• **What to produce**
Look in the listing below for the line that has "Οκτώ ώρες εργασίας", then return it and each following line up to and including the one with "Hương vị quê", exactly and without pictures.

• **Recorded information**
========================
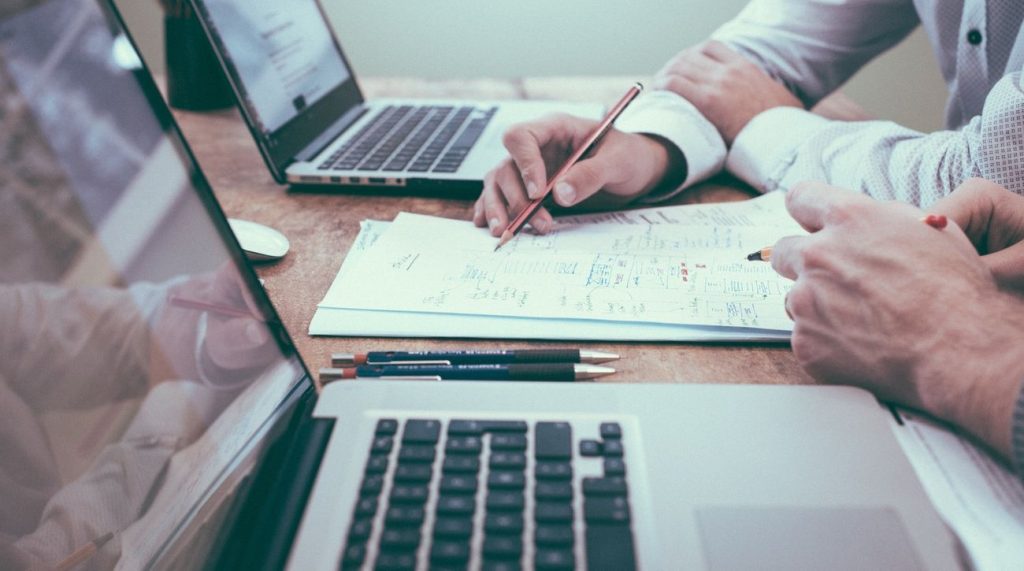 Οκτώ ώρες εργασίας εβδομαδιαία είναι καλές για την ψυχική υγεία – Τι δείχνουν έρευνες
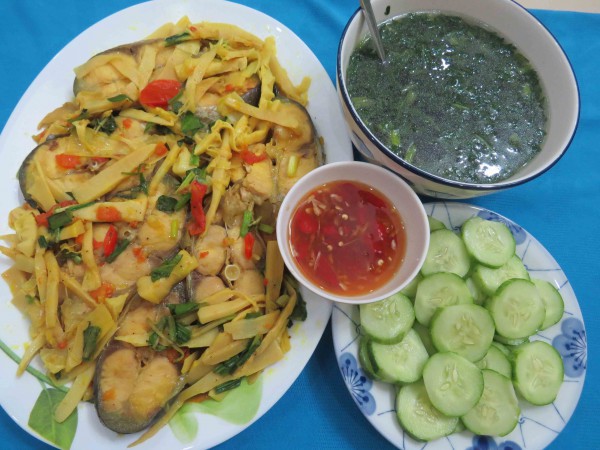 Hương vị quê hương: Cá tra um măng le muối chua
========================
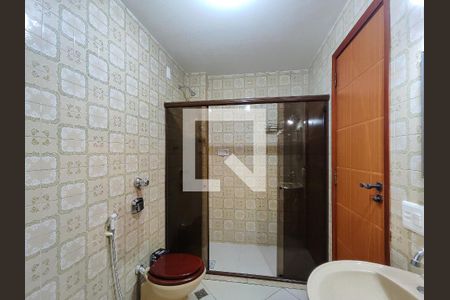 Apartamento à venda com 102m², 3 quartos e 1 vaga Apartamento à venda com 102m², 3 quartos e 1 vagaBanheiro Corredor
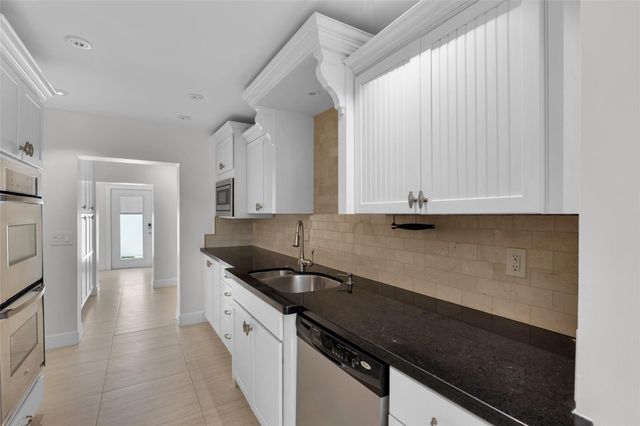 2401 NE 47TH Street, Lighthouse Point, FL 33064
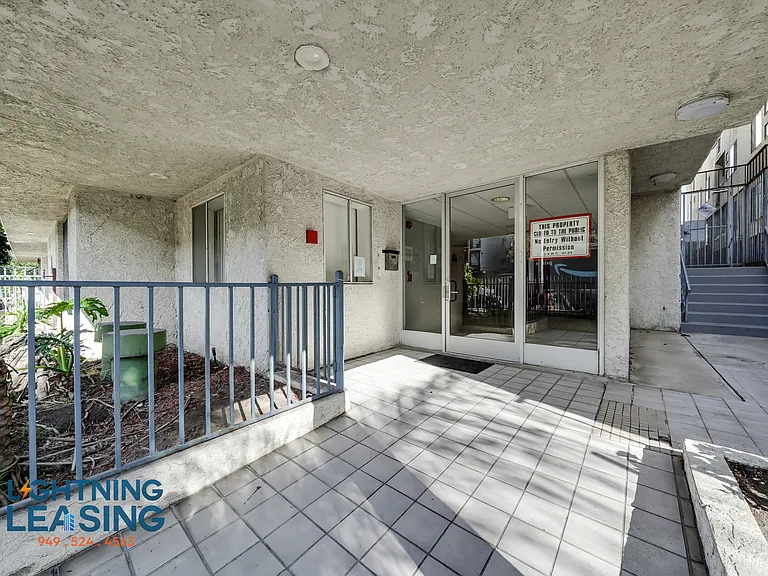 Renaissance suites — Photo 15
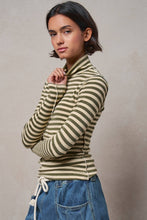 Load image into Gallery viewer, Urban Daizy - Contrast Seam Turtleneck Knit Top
========================
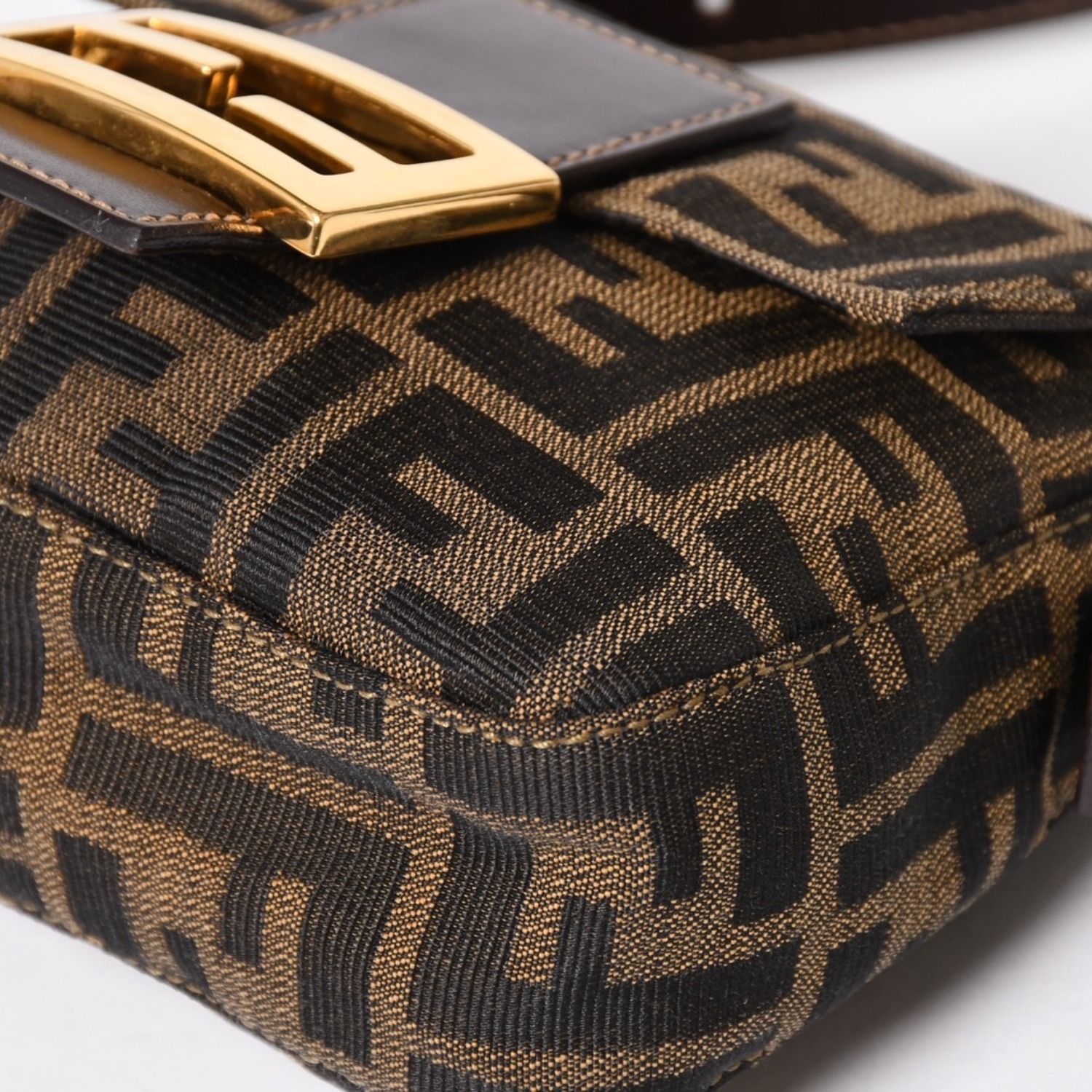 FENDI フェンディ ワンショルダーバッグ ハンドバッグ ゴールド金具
========================
• **Output of the task**
 Οκτώ ώρες εργασίας εβδομαδιαία είναι καλές για την ψυχική υγεία – Τι δείχνουν έρευνες
 Hương vị quê hương: Cá tra um măng le muối chua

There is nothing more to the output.